Earlier this autumn, CBC News reported that children’s hospitals in Canada were seeing an increase in cases of Respiratory syncytial virus (RSV), which causes infections of the lungs and respiratory tract, and which can result in severe infection in some people, including babies under two and older adults with pre-existing conditions.
Hospitals throughout Canada and in the USA reported increased numbers of cases of RSV through the early autumn. CBC News reporter Benjamin Shingler interviewed Dr. Earl Rubin, director of the infectious disease division at the Montreal Children’s Hospital, and Dr. Anna Banerji, an infectious disease specialist and associate professor at the University of Toronto’s faculty of medicine. Both Banerji and Rubin told the reporter that there were fewer RSV cases when public health measures were in place because of COVID-19, but there was a spike last autumn and again this year as young children were exposed to more people.
Young children who have limited community exposure to build immunity – especially if they have any predisposing conditions such as asthma or allergies that will predispose them to RSV – are most at risk.
RSV is spread mostly by aspirated droplets. Regular hand washing is recommended and, for older children, ensuring they sneeze into their elbow and cover their mouth when they cough. But it can also spread through contact. Dr Rubin says, “If you touch a contaminated surface and then rub your eye, pick your nose, you can infect yourself.” The article notes that, whilst people infected with RSV are usually contagious for 3 to 8 days, people with weakened immune systems can spread RSV for longer.
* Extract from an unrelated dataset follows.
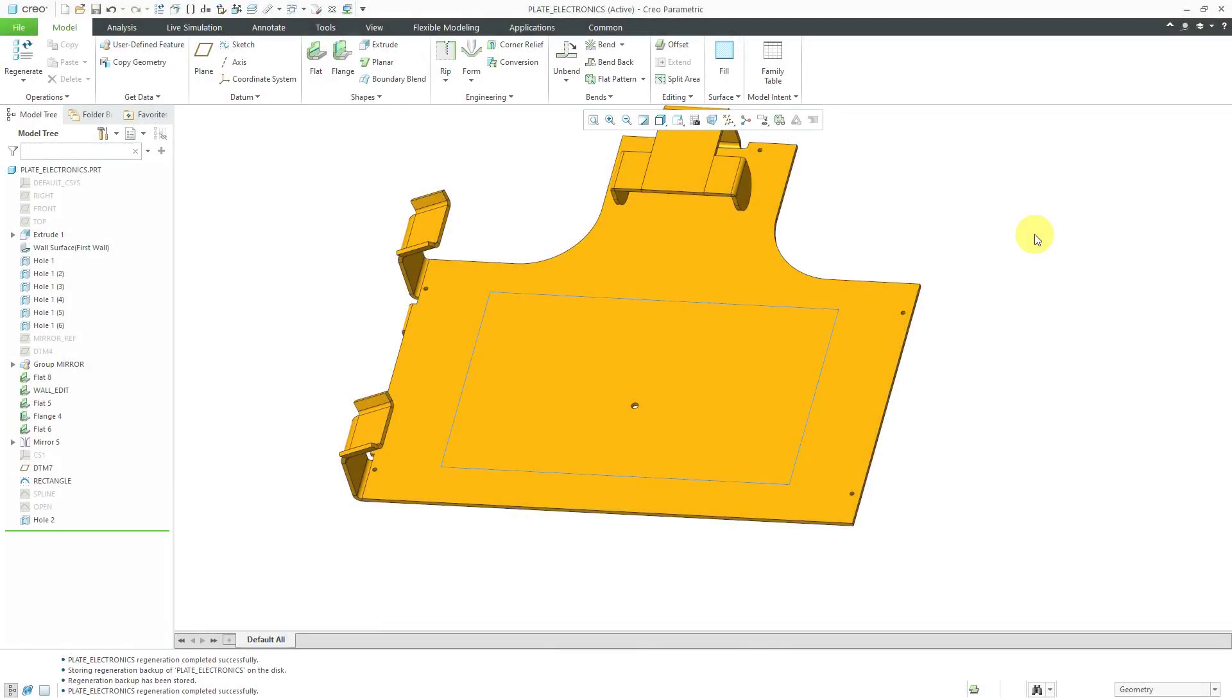In Creo Parametric, the Fill option for a pattern allows you to use a two-dimensional sketch to define a boundary that you want to fill in with a bunch of instances. Let's take a look at how to do that.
Those with pre-existing conditions, particularly those born prematurely, can be vulnerable to the most serious infections.
Dr. Banerji says that parents can do their best to manage symptoms with fever medications and by ensuring their baby is adequately hydrated. If symptoms increase, doctors may also prescribe oral steroids or an inhaler to make breathing easier, and in serious cases, hospitalized patients may get oxygen, a breathing tube, or a ventilator. She notes, “If a child needs to be admitted to the hospital, it’s because their oxygen levels are low or they’re having a really hard time breathing on their own and may need to be ventilated or they’re not feeding well.”
On December 5th, B.C. Health Minister Adrian Dix and Dr. Bonnie Henry gave an update on the situation in the province. Dr. Henry report that rates of the common cold and RSV in B.C. now appear to have levelled off somewhat, however, influenza A has become more common. She said that B.C. is seeing a “dramatic increase” in cases of influenza A, a strain which can cause severe illness in children. “I cannot stress enough the import of influenza vaccine right now, this year in particular,” she told reporters at the new conference. “There are more children now who have not been exposed to influenza in the last two years … so more of them are getting sick now.” B.C. Vaccine Operations reported that, as of December 5th, only 20% of children under five have received their flu vaccination so far. They are sending invitation texts and emails to families of about 150,000 children under five to encourage parents to bring their children in to receive the vaccination.
Wait times at B.C. Children’s hospital have been up to 12 hours recently, as staff deal with high numbers of patients requiring prolonged attention and care from staff. Sarah Bell, the hospital’s chief operating officer, told the CBC that parents should only bring children with a respiratory illness to the emergency room if they’re having trouble breathing, noting that children under three months who have a fever and are dehydrated with diarrhea or vomiting should also be brought to the ER.